What are some of the external factors that may affect takeoff performance, meeting your “acceleration” target (see Abort, Abort! — Part 1) and perhaps the need to abort?
- Wind. Headwinds will generally decrease the ground roll and reduce the distance required to clear that mythical 50-foot obstacle. Crosswinds may make directional control more difficult (especially if the winds are variable or gusty), and might increase the ground roll and obstacle-clearing distances if the crosswind correction requires large, drag-producing control deflections. Tailwinds will increase the ground roll and obstacle-clearance distances, seemingly out of proportion to the strength of the wind (a little tailwind makes a big difference).
- Density altitude. Hot air is less dense than cold air. Engines “breathe” air — when less is available, engines produce less power. Wings produce less lift (for a given ground speed) and propeller blades are less efficient. It’ll take more ground roll to get the “normal” volume of air over the wings for takeoff lift, and it’ll take longer to cover that ground than it would at sea level because of reduced engine and propeller efficiency. Once aloft, reduced engine power and higher “true” speed (for a given indicated air speed) reduce the climbout angle.
Insider’s Note: Even turbocharged engines are less efficient as the density altitude increases. Turbochargers may boost air pressure to make up the difference, but this compression heats the induction air, making it less dense as it enters the cylinders — reducing power. Intercoolers (radiator-like devices often fitted to turbocharged engines to cool this compressed air) aren’t very effective at low airspeeds, so they have little effect on engine power at takeoff … and may even reduce power further by restricting combustion airflow. Propeller blades are also less efficient as the density altitude increases, regardless of turbocharging.
- Weight.

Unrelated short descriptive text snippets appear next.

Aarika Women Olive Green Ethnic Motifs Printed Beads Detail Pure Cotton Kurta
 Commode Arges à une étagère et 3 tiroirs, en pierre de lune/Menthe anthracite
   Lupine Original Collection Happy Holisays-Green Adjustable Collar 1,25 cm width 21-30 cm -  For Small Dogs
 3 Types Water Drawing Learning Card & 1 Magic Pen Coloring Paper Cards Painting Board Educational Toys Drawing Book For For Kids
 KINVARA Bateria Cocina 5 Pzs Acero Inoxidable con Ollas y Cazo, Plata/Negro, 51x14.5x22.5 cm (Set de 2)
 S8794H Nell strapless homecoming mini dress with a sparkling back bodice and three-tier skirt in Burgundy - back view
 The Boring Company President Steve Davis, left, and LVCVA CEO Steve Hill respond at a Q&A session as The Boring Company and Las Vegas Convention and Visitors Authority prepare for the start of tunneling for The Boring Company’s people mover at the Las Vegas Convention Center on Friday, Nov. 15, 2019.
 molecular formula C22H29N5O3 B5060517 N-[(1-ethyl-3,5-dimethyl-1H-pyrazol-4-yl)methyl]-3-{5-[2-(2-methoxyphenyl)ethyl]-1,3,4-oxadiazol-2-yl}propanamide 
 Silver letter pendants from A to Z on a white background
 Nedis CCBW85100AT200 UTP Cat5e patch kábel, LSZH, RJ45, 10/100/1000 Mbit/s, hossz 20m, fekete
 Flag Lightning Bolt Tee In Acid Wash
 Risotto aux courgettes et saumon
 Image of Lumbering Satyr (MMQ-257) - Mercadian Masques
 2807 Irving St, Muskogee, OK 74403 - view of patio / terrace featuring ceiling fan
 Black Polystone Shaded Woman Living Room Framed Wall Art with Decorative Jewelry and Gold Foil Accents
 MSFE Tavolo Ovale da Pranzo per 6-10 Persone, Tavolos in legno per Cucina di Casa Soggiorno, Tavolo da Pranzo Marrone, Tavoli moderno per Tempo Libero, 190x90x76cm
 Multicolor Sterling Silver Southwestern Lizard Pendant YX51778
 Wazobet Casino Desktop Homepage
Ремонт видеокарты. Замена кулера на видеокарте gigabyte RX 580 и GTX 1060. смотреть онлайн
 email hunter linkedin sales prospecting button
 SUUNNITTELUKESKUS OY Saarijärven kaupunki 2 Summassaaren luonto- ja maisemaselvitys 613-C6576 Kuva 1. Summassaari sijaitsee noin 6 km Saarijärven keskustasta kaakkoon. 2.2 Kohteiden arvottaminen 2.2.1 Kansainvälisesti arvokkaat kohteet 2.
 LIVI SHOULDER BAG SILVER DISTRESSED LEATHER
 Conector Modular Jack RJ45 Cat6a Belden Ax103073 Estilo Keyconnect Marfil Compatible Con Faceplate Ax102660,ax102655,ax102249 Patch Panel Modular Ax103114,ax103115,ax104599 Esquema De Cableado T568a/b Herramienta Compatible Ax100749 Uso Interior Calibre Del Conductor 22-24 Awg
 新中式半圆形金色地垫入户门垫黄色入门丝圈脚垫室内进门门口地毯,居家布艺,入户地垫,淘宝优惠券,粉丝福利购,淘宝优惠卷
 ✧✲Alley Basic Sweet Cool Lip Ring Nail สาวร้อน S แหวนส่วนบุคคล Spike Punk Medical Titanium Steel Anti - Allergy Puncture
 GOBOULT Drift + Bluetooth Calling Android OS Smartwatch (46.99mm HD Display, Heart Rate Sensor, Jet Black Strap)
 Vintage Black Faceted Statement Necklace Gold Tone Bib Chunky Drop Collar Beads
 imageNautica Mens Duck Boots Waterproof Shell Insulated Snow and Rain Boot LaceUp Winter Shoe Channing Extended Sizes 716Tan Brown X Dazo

The lighter the airplane, the better the performance. Conversely, the heavier the aircraft, the longer runway you’ll need to become airborne, and the greater distance you’ll need to clear obstacles. If the airplane’s loaded over the maximum takeoff weight, you have no way of knowing just how significant that degradation may be … or if the airplane will fly at all.
- Center of gravity. Even within the published center of gravity (c.g.) limits, the further the c.g. location toward the forward end of the envelope, the harder it’ll be to rotate for takeoff, and the greater control deflection needed to hold a climb pitch attitude. Hence, a forward c.g. loading (within limits) may require a longer takeoff roll as the airplane accelerates to a point the elevator has the oomph to lift the nose; holding climb pitch requires a greater-than-normal elevator deflection, increasing drag and decreasing climb performance. If the pilot doesn’t exert the extra force necessary to hold climb attitude, the airplane will climb out at a reduced angle, increasing obstacle clearance distance. Conversely, a within limits c.g. near the aft limit may actually reduce takeoff and obstacle-clearing distances slightly, but beware — loadings make the airplane less stable and more likely to “over rotate,” or establish an excessive angle of attack (nearer to stall) at rotation. Of course, a c.g. location outside the approved limits (forward or aft) may so radically affect stability and climb performance as to be suicidal.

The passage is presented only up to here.